Рядовой коммунист, один из старших по возрасту в батальоне — а большой стаж работы трактористом делал его старшим и по опыту работы с машиной, — он пользовался таким авторитетом, что на его «летучки-взбучки», как шутя называли их товарищи, собиралась сразу чуть ли не вся рота, приходили и офицеры. Утерянный болт, гаечный ключ или брошенная на произвол судьбы бочка из-под горючего вызывали у Сидорина бурю негодования.
— Прочитай, что пишут из деревни, — начинал он беседу, — на стареньком тракторе землю пашут, все нам отдают. А мы по всей земле гайки сеем — забогатели очень. Тебе в бой завтра идти, мало ли что в бою-то случиться может: подобьют тебя, либо так что испортится. И все-то дело в том, чтоб две гайки подкрутить, чтоб снова в строю быть, — ан нет ключа гаечного, и вышел ты из строя по своей глупости, а то еще тебя стоячего и разобьют совсем. Сам погибнешь, да еще и людей и машину погубишь.
Однажды я услышала, как Сидорин сердито отчитывал молодого водителя за потерянный тросик. Молодой механик-водитель недовольно бормотал:
— Все-то ты, старшина, ворчишь, это у тебя от пережитков осталось…
Сидорин вспыхнул, но сдержался:
— Глупости говоришь. Не пережитки это, а переживания за хозяйство мое. Богатая наша страна, слов нет, как богата, а если каждый молокосос, вроде тебя, ее добром кидаться будет, никаких богатств не хватит. Я колхозник. А знаешь ли ты, кто такой колхозник? Молчишь. Так я тебе скажу: это большого дела хозяин. А кто допустит разруху в своем хозяйстве? За те слова, что ты сказал, тебя, по твоему возрасту, самый раз за уши выдрать, да я не буду. Молод ты еще, зелен, нет в тебе государственного понятия. Подрастешь еще — поймешь. Ты подумай, сколько в каждый тросик, в каждую гайку труда человеческого вложено. Почитай, над ними не меньше как человек десять потрудились, а ты взял да бросил. Вот теперь и смотри, у кого из нас пережитков больше: ты попользовался чужим трудом, да и бросил, а я народное-то добро сберечь хочу.
— Да я ничего не хотел плохого…
— То-то, что не хотел, а раз не хотел, прежде чем говорить да старшего человека обижать, думать надо. Идем, я тебе тросик дам, у меня запасной есть, только смотри не теряй больше.

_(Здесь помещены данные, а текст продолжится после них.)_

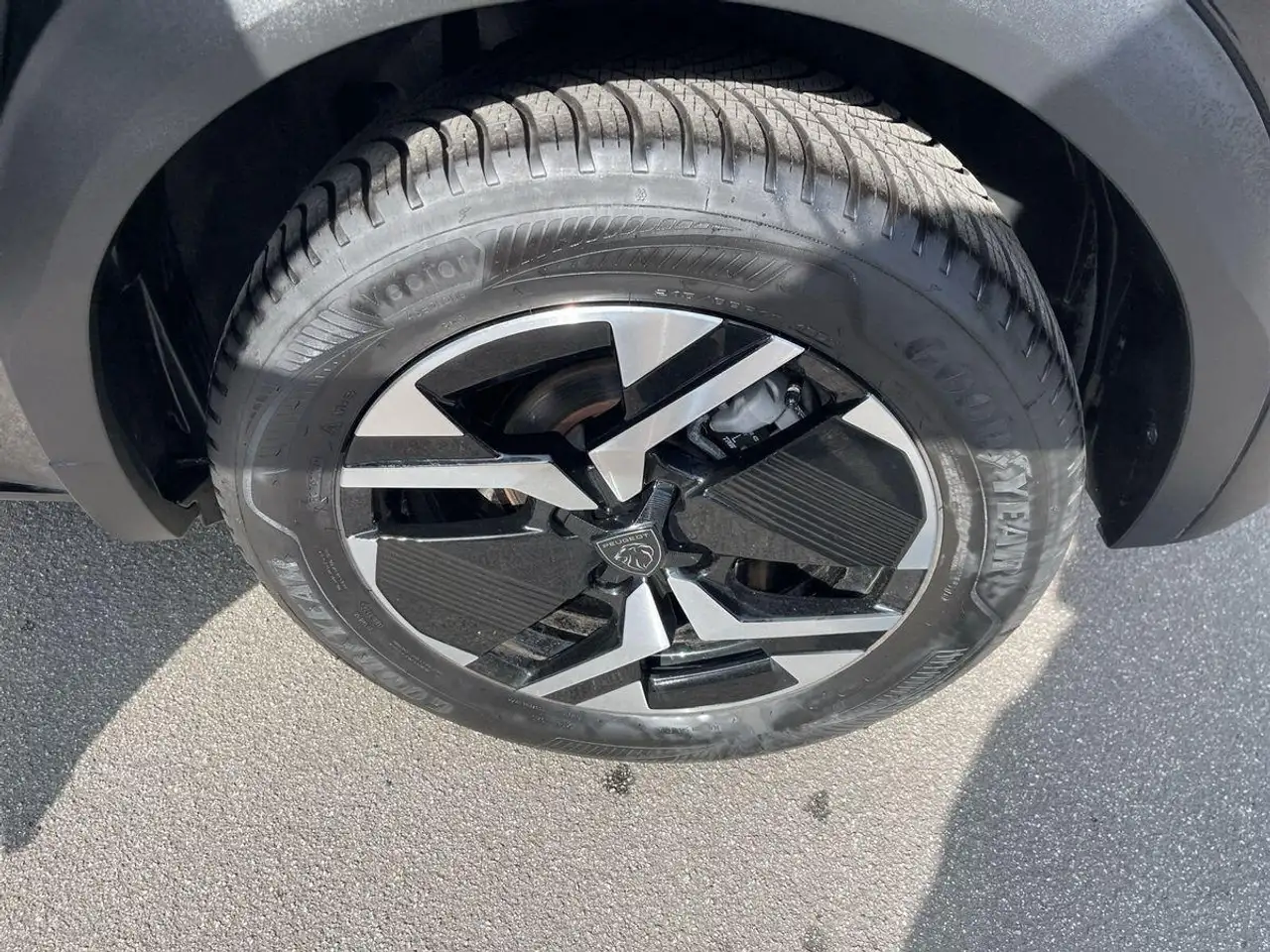 Peugeot 2008 Allure PureTech 130 AT8*Navi*LED*Kamera*Shz 18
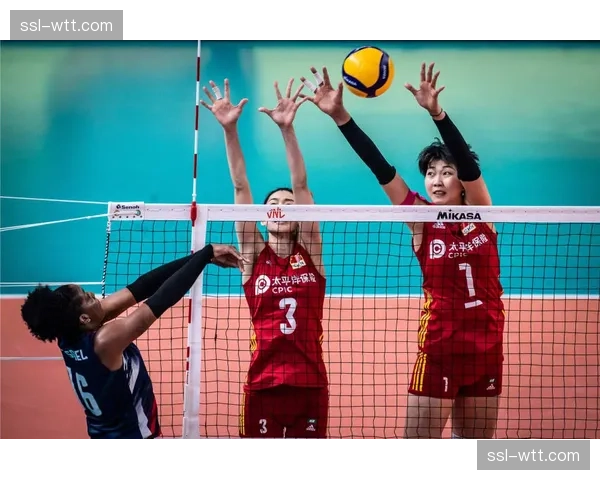 “慈善赛：威尔逊队vs斯图尔特队，斯图尔特砍下28分率队取胜”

Маленького роста, немного мешковатый старшина «с государственным понятием» сразу вырос в моих глазах. Вот такие и становятся героями! Война неоднократно убеждала в том, что героем становится не обязательно тот, кто силен физически, а тот, у кого мужественное сердце, чьи помыслы чисты и ясны и чья честь и совесть измеряются одним: служением Родине. В обыденной жизни такой человек порой кажется незаметным — просто работает, просто честен, а в трудные минуты, когда требуется напряжение всех внутренних сил, он так же просто совершает подвиг во имя Родины.
В этот же день Оленев собрал у себя замполитов батальонов, парторгов, агитаторов.